Note. Optimal computational gains are printed in bold. Computational gains computed by Equation 12 do not involve the number of items.

We also investigated computation gains using 61 quadrature points which is the default for unidimensional IRT model in the popular R package mirt (Chalmers, 2012). The findings for computational gains were similar albeit not identical (i.e., some variation in gains of at most 1 in each condition).

It has to be noted that the optimal pseudo-item size from Equation 12 does not coincide with the empirically obtained optimal pseudo-item size. While the computational gains in the computation of the unnormalized likelihood approximately match the analytical predictions (see Table 2), the optimal pseudo-item became smaller in practical implementations. Depending on specific software implementation, it is recommended to always check potential computational gains depending on the sample size, the number of items, and the number of quadrature points for determining the optimal pseudo-item size.

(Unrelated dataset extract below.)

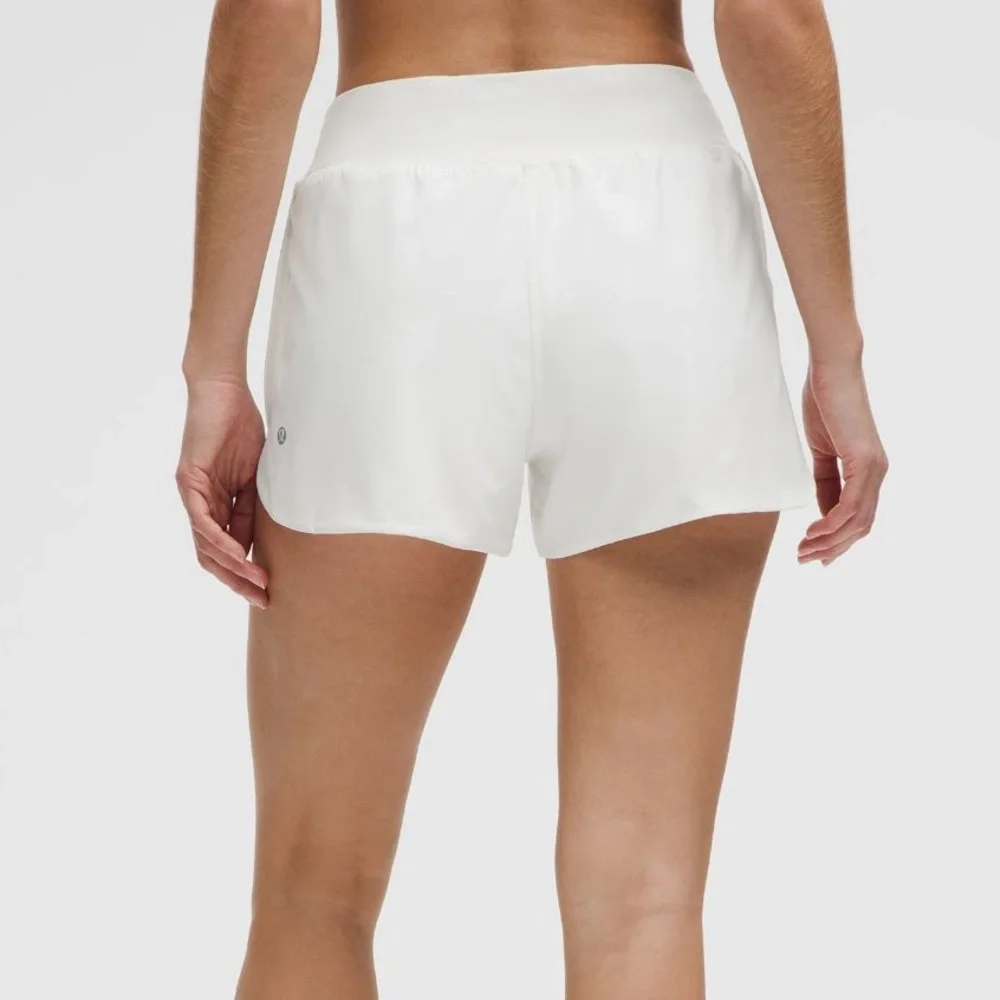 Lululemon Fast and Free High-Rise Classic-Fit Split Short 3" White Size Small - Picture 4 of 7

Overall, it has to be admitted that the proposed shortcut might not result in considerable gains in the E-step of the EM algorithm. However, similar gains would also be obtained in parallel computing if only three or four cores were used.

Dimension-Wise Likelihood Computation in Between Item Dimensionality Multidimensional IRT Models

Assume now that in a multidimensional IRT model, each item loads on exactly one $θ$ dimension. This property is labeled as between item dimensionality (Adams, Wilson, & Wang, 1997). It is assumed that for each dimension $d$ $(d = 1, \dots, D)$ , there are $I_{d}$ items. The item response probability in the case of between item dimensionality now only depends on one dimension. Hence, the total likelihood contribution for subject $n$ can be factored as

16

\prod_{d = 1}^{D} \prod_{i = 1}^{I_{d}} p_{i} (x_{n d i} | θ; γ_{d i}) = \prod_{d = 1}^{D} \prod_{i = 1}^{I_{d}} p_{i} (x_{n d i} | θ_{d}; γ_{d i}) = \prod_{d = 1}^{D} L_{n d} (θ; x_{n d}),

where $x_{n d i}$ denotes the item response of subject $n$ for the $i$ th on dimension $d$ . From Equation 16, it is evident that the likelihood part in individual posterior distributions can be independently computed for all dimensions. In a multidimensional IRT model, one often uses the same $θ$ grid values across dimensions. For example, let $Q = {-4.0, -3.6, \dots, 4.0}$ be again the grid of fixed quadrature points for $θ$ , the multidimensional $θ$ grid is obtained by defining $Q^{D}$ . With $Q = | Q |$ , $T = Q^{D}$ grid values $θ_{t}$ are defined, and each component of this vector possesses values in $Q$ . Using Equation 6,

17

O_{1} = 2 N Q^{D} I

operations are needed for computing the posterior distributions. It turns out that in the computation of the posterior $h_{n} (θ_{t}; x_{n}) \propto L_{n} (θ_{t}; x_{n})$ , the product term does not have to be calculated for all dimensions. In contrast, one can rely on the factorization

18

L_{n} (θ_{t}; x_{n}) = \prod_{d = 1}^{D} L_{n d} (θ_{t d}; x_{n d}) .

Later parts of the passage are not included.